No início do verão, disponibilizamos parte do nosso pátio para criar um parque com brinquedos para as crianças. Inauguramos um espaço de verão onde nossas famílias passam cinco tardes por semana em um local mais seguro do que aquele onde vivem. As crianças brincam sob a vigilância de monitores e os adultos passam um momento de tranquilidade, jogando baralho ou simplesmente relaxando, tomando um café, chá ou um refrigerante. Nossos dois ônibus trazem e levam as pessoas dos bairros até a nossa casa. Essa iniciativa deu alegria a muita gente e tem sido uma boa terapia contra o stress.

Nossa equipe que visita aos desalojados aumentou, acolhendo muitos outros voluntários, antigos maristas da família de Champagnat. Visitam regularmente as famílias, seus lares, inclusive quando vivem em bairros periféricos mais perigosos, como o “1070”, para criar laços de solidariedade, informando-se sobre as suas necessidades, tentando resolvê-las.
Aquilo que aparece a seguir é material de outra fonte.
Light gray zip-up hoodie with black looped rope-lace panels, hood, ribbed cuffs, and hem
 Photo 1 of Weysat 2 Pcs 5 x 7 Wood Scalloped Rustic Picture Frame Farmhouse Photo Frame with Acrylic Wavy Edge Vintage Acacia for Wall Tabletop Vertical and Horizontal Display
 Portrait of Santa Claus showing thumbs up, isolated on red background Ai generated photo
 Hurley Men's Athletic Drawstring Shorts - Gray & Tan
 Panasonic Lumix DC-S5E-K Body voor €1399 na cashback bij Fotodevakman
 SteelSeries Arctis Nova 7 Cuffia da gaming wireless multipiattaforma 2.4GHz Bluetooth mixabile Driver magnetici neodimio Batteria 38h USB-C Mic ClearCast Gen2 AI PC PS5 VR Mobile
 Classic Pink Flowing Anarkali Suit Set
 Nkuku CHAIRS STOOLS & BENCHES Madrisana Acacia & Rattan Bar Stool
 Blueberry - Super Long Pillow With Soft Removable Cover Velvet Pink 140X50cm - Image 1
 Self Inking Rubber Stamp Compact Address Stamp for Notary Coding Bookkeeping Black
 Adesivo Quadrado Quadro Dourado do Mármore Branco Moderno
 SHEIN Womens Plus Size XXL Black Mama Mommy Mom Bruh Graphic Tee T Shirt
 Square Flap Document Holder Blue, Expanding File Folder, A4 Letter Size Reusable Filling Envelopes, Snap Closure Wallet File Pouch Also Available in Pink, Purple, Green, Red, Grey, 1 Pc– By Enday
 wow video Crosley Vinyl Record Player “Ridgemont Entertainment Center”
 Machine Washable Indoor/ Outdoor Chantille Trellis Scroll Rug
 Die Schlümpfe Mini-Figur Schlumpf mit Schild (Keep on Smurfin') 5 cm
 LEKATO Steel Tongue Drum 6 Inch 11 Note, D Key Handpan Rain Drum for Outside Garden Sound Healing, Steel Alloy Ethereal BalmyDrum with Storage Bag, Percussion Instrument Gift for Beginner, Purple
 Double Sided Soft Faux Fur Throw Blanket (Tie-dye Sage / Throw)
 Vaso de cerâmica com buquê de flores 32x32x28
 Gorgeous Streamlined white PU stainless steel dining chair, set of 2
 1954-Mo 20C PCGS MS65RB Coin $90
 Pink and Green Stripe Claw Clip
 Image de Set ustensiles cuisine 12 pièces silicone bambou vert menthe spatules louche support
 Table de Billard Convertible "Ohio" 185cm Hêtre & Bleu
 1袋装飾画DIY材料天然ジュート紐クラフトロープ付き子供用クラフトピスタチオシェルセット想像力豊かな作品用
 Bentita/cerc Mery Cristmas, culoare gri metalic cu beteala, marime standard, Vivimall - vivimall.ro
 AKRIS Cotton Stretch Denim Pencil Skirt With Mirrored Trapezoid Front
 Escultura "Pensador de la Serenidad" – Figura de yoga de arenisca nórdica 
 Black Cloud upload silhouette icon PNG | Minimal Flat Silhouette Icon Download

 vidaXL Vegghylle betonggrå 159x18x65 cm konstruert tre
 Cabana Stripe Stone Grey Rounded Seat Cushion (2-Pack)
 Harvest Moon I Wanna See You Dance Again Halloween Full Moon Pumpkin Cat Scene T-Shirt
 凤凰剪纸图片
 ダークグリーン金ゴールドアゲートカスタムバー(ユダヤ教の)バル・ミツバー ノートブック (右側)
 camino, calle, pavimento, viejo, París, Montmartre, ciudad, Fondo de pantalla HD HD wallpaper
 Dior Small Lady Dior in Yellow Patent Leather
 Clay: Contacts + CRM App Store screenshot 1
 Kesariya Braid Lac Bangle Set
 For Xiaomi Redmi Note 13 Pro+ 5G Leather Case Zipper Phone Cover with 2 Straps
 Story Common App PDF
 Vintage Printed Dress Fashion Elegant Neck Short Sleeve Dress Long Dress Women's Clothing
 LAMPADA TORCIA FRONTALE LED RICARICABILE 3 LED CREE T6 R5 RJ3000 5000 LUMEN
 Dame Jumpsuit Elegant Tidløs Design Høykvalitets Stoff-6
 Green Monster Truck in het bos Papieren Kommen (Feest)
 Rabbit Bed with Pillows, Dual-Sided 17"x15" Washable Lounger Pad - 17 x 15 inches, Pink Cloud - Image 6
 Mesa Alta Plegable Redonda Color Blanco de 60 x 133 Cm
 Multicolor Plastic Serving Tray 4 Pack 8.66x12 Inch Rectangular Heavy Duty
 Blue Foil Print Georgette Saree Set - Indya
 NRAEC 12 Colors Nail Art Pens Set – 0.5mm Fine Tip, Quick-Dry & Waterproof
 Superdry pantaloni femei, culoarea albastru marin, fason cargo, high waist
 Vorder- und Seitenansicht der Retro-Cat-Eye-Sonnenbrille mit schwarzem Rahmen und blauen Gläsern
Nossos projetos pedagógicos estão indo bem. Os educadores dos dois projetos “Aprender a Crescer” e “Quero Aprender” se reúnem, desde o começo de setembro, todas as manhãs para sessões de formação e aprendizagem dos programas, preparando o novo ano escolar. Será um ano difícil, visto o número recorde de pedidos de inscrição, apesar do espaço limitado. Todas as crianças do “Quero Aprender”, que não iam à escola por alguma razão, conseguiram o reconhecimento do Ministério da Educação do país e estão prontos para entrar no ciclo escolar, sem começar do zero. É um motivo de orgulho para as crianças, os pais e para nós.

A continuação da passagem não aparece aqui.